Nach der erneuten Androhung massiver Strafzölle durch US-Präsident Donald Trump auf Waren aus der Europäischen Union hat die EU-Kommission deutliche Worte gefunden. EU-Handelskommissar Maroš Šefčovič betonte am Freitag:
„Der transatlantische Handel ist einzigartig – und muss von gegenseitigem Respekt, nicht von Drohungen geleitet werden.“
Die Europäische Union sei weiterhin „voll engagiert“, ein Handelsabkommen mit den USA zu erzielen, das für beide Seiten funktioniere, so Šefčovič nach einem Telefonat mit dem US-Handelsbeauftragten Jamieson Greer und Wirtschaftsminister Howard Lutnick.

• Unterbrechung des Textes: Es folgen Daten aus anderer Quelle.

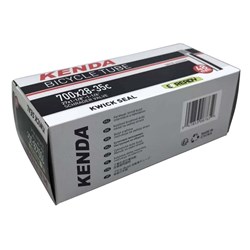 KENDA TUBE 700 x 28-35C, 27 x 1-1/8" x 1-1/4" A/V 48mm KWIK SEAL (50)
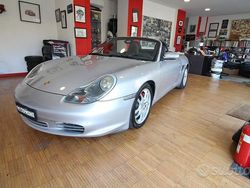 Grigio Usata 2003 Porsche Boxster Cabrio | 29.900 € (Buon prezzo)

Trump droht mit 50-Prozent-Zoll – „bin nicht auf einen Deal aus“
Nur wenige Stunden zuvor hatte Trump über seine sozialen Medien erneut seinen Frust über die stockenden Verhandlungen geäußert und erklärt, dass ab dem 1. Juni 2025 ein 50-prozentiger Zollsatz auf alle EU-Importe in Kraft treten solle.
„Unsere Gespräche mit der EU führen ins Nichts“, schrieb Trump. „Ich suche keinen Deal – wir haben ihn bereits festgelegt.“
Auf Nachfrage deutete er jedoch an, eine große Investition eines europäischen Unternehmens in den USA könne ihn womöglich umstimmen.
Europa warnt vor Handelskrieg
Die Reaktionen in Europa fielen deutlich aus. Zahlreiche Regierungen äußerten sich besorgt über eine mögliche Eskalation.
Irlands Premier Micheál Martin mahnte:
„Wir müssen diesen Weg nicht gehen. Verhandlungen sind der einzige nachhaltige Weg.“
Frankreichs Außenminister Laurent Saint-Martin bekräftigte:
„Wir setzen auf Deeskalation – sind aber vorbereitet, zu reagieren.“
Deutschlands Wirtschaftsministerin Katherina Reiche sprach von einem „dringenden Handlungsauftrag“: Die EU müsse „alles tun“, um eine Lösung mit den USA zu erreichen.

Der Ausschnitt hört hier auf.